On Oct 12, 2011, at 11:35 AM, Matt Newville wrote:

> Hi Riti,
> 
> I hope it's OK that I'm sending this to the ifeffit mailing list, as
> there might be other interesting perspectives on your questions.
> 
> On Tue, Oct 11, 2011 at 3:47 PM, Ritimukta Sarangi <ritis at stanford.edu> wrote:
>> Hi Matt,
>> This is Riti again. This time I have a question about EXAFS, which you are an expert on :-) I would like to get your view on
>> systematic errors in EXAFS. Say the data were collected on a standard EXAFS beamline like 7-3 at SSRL. The data have
>> been collected using fluorescence mode and a 30 element Ge detector.
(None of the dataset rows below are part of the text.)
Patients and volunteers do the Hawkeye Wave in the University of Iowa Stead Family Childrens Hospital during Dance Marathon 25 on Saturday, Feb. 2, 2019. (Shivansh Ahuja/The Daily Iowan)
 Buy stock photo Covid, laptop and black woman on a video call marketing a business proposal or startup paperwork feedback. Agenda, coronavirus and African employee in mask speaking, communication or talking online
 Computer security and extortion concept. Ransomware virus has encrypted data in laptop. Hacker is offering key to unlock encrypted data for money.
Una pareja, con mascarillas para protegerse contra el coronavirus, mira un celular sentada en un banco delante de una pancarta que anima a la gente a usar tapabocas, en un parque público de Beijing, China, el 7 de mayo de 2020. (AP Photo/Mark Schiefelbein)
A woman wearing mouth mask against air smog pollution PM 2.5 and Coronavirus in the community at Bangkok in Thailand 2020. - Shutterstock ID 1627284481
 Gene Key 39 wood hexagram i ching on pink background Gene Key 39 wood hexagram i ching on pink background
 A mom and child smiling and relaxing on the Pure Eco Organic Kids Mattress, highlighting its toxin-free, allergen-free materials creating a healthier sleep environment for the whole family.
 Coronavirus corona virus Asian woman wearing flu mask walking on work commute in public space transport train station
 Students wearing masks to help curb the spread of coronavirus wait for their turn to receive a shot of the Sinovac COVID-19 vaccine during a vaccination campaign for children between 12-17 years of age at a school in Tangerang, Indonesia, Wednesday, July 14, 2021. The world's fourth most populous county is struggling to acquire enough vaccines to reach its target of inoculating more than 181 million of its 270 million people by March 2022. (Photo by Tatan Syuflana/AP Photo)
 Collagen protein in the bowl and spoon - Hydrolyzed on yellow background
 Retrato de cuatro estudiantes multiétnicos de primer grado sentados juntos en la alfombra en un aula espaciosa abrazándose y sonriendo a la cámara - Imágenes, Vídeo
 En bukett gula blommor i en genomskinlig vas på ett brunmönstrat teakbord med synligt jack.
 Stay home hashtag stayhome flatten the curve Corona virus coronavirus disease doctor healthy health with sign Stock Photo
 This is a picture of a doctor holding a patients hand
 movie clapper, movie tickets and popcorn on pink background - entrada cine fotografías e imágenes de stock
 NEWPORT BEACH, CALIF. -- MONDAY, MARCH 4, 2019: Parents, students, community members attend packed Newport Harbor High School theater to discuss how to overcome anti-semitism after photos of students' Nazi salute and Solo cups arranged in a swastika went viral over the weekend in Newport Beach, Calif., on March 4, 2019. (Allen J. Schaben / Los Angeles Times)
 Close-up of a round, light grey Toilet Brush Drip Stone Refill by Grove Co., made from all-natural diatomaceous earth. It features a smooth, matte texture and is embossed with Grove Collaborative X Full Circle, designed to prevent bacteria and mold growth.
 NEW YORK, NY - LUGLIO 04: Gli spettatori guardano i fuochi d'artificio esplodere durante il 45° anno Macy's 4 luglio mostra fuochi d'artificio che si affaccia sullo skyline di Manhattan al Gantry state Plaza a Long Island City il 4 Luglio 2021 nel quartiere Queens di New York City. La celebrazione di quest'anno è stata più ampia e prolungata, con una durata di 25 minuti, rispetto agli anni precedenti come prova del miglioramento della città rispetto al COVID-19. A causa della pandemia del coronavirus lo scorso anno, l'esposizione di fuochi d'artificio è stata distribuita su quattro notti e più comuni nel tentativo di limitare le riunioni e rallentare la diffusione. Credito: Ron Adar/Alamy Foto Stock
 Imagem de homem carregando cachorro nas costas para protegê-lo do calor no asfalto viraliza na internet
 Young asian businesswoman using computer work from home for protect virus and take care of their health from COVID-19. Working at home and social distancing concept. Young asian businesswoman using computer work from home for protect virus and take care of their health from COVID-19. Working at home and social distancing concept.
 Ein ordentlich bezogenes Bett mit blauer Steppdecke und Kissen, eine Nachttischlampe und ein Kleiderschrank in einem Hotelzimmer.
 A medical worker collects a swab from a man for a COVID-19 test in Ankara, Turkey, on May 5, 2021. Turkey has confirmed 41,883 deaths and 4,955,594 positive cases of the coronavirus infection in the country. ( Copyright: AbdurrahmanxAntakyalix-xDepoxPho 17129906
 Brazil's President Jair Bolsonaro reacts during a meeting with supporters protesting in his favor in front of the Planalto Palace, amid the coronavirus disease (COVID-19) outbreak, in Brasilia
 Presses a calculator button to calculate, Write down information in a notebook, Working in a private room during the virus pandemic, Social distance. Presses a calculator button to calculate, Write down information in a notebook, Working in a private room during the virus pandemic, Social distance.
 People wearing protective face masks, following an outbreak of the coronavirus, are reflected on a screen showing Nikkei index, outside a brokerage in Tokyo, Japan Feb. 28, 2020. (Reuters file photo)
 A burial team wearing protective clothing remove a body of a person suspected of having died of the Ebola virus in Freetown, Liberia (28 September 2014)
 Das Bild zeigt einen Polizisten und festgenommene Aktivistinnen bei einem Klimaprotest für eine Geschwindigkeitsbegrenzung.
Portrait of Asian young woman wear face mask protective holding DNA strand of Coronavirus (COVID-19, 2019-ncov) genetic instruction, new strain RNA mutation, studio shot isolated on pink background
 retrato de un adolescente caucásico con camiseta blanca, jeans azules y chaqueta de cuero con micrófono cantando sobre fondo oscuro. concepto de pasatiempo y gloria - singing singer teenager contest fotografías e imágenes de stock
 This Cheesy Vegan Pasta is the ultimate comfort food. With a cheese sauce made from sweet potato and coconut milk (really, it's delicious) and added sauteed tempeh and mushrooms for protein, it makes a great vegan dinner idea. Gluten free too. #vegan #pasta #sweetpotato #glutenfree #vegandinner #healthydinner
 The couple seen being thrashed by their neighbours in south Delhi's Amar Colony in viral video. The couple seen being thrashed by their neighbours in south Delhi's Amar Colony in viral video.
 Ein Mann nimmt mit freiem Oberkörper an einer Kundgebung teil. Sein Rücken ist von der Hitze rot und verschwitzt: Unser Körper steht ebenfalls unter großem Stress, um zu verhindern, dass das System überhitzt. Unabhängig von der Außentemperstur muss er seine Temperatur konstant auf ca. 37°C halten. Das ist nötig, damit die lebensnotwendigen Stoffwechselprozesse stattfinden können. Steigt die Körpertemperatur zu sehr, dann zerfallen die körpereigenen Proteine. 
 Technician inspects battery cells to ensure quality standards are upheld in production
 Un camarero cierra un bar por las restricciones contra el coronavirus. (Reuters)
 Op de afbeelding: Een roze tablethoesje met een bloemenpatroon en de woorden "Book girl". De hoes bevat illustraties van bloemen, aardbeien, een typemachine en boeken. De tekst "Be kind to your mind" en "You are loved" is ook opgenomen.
The data are modest, between k=2-15 A.
>> 
>> I used to quote in my papers that typical statistical and systematic errors lead to a total error in first shell distances of
>> +-0.02 A.  I know it can be more than that in some circumstances but then I tried to look at it a little more closely to
>> separate out the systematic error from all sources (instrument, measurement, detector, Analysis), but I could not find a
>> good reference. I understand that this is a difficult number to estimate. I was hoping that you could shed some light on it.
>> Thanks!
>> -Riti
>> 
> 
> I'm not sure of a good general reference for that either, though
> perhaps some of the papers from Corwin Booth are a good place to
> start?   Quoting +/- 0.02 Ang seems like a reasonable estimate for a
> typical value, but that's hardly rigorous.
> 
> My sense is that it's pretty challenging to separate "systematic" and
> "random" noise for most data sets.  Fluorescence data from a
> solid-state detector is probably the best-case for such a separation,
> because you have multiple detector elements or repeated scans,  and
> usually the individual detectors or scans really are dominated by
> statistical fluctuations.   If you add detector elements or scans
> together until the noise in the data (or variations in estimated
> parameters or estimated error bars)   stops getting better,
> systematic errors are starting to be noticeable. Eventually, as you
> increase the fluorescence counts, the fits will stop improving, which
> should be when systematic errors dominate.